## WHAT TO WORK ON
Every entry below should be printed again exactly as it reads.

[Crawled caption data]
------------------------------------
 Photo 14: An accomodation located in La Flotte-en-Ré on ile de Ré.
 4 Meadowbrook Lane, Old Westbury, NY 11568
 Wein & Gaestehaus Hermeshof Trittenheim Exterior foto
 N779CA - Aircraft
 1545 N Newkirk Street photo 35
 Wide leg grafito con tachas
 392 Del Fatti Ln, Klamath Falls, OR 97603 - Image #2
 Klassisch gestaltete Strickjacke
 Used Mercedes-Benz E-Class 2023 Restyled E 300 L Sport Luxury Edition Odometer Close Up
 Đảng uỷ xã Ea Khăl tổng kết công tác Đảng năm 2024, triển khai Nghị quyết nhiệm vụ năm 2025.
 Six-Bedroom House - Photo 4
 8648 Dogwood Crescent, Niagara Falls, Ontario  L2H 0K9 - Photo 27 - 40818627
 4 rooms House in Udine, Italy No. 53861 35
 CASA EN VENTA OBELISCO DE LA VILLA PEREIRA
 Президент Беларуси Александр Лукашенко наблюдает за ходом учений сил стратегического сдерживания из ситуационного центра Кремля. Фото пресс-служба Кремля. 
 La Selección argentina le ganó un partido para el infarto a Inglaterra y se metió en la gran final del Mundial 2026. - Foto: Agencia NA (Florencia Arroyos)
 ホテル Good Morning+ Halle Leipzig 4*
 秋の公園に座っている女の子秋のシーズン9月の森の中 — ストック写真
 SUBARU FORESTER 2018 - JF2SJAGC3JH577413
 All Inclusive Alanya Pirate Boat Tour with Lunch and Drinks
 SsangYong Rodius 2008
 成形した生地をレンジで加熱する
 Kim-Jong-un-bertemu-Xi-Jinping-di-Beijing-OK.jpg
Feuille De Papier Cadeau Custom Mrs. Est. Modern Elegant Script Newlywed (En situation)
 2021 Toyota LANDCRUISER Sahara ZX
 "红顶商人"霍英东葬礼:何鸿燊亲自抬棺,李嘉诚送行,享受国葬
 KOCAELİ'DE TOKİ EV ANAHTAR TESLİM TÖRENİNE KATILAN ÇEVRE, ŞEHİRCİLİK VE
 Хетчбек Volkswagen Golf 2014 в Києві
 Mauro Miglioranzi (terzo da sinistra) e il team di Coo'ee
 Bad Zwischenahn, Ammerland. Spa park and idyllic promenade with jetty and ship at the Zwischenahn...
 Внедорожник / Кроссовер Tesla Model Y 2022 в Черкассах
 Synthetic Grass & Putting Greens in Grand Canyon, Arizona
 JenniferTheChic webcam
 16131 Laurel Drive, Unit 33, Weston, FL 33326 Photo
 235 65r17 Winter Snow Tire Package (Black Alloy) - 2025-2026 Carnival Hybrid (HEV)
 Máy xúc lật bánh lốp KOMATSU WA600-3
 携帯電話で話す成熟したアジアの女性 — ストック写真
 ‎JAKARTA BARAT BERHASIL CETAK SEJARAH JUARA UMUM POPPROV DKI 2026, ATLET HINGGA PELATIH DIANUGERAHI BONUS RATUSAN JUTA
------------------------------------
## TASK SOLUTION
 Photo 14: An accomodation located in La Flotte-en-Ré on ile de Ré.
 4 Meadowbrook Lane, Old Westbury, NY 11568
 Wein & Gaestehaus Hermeshof Trittenheim Exterior foto
 N779CA - Aircraft
 1545 N Newkirk Street photo 35
 Wide leg grafito con tachas
 392 Del Fatti Ln, Klamath Falls, OR 97603 - Image #2
 Klassisch gestaltete Strickjacke
 Used Mercedes-Benz E-Class 2023 Restyled E 300 L Sport Luxury Edition Odometer Close Up
 Đảng uỷ xã Ea Khăl tổng kết công tác Đảng năm 2024, triển khai Nghị quyết nhiệm vụ năm 2025.
 Six-Bedroom House - Photo 4
 8648 Dogwood Crescent, Niagara Falls, Ontario  L2H 0K9 - Photo 27 - 40818627
 4 rooms House in Udine, Italy No. 53861 35
 CASA EN VENTA OBELISCO DE LA VILLA PEREIRA
 Президент Беларуси Александр Лукашенко наблюдает за ходом учений сил стратегического сдерживания из ситуационного центра Кремля. Фото пресс-служба Кремля. 
 La Selección argentina le ganó un partido para el infarto a Inglaterra y se metió en la gran final del Mundial 2026. - Foto: Agencia NA (Florencia Arroyos)
 ホテル Good Morning+ Halle Leipzig 4*
 秋の公園に座っている女の子秋のシーズン9月の森の中 — ストック写真
 SUBARU FORESTER 2018 - JF2SJAGC3JH577413
 All Inclusive Alanya Pirate Boat Tour with Lunch and Drinks
 SsangYong Rodius 2008
 成形した生地をレンジで加熱する
 Kim-Jong-un-bertemu-Xi-Jinping-di-Beijing-OK.jpg
Feuille De Papier Cadeau Custom Mrs. Est. Modern Elegant Script Newlywed (En situation)
 2021 Toyota LANDCRUISER Sahara ZX
 "红顶商人"霍英东葬礼:何鸿燊亲自抬棺,李嘉诚送行,享受国葬
 KOCAELİ'DE TOKİ EV ANAHTAR TESLİM TÖRENİNE KATILAN ÇEVRE, ŞEHİRCİLİK VE
 Хетчбек Volkswagen Golf 2014 в Києві
 Mauro Miglioranzi (terzo da sinistra) e il team di Coo'ee
 Bad Zwischenahn, Ammerland. Spa park and idyllic promenade with jetty and ship at the Zwischenahn...
 Внедорожник / Кроссовер Tesla Model Y 2022 в Черкассах
 Synthetic Grass & Putting Greens in Grand Canyon, Arizona
 JenniferTheChic webcam
 16131 Laurel Drive, Unit 33, Weston, FL 33326 Photo
 235 65r17 Winter Snow Tire Package (Black Alloy) - 2025-2026 Carnival Hybrid (HEV)
 Máy xúc lật bánh lốp KOMATSU WA600-3
 携帯電話で話す成熟したアジアの女性 — ストック写真
 ‎JAKARTA BARAT BERHASIL CETAK SEJARAH JUARA UMUM POPPROV DKI 2026, ATLET HINGGA PELATIH DIANUGERAHI BONUS RATUSAN JUTA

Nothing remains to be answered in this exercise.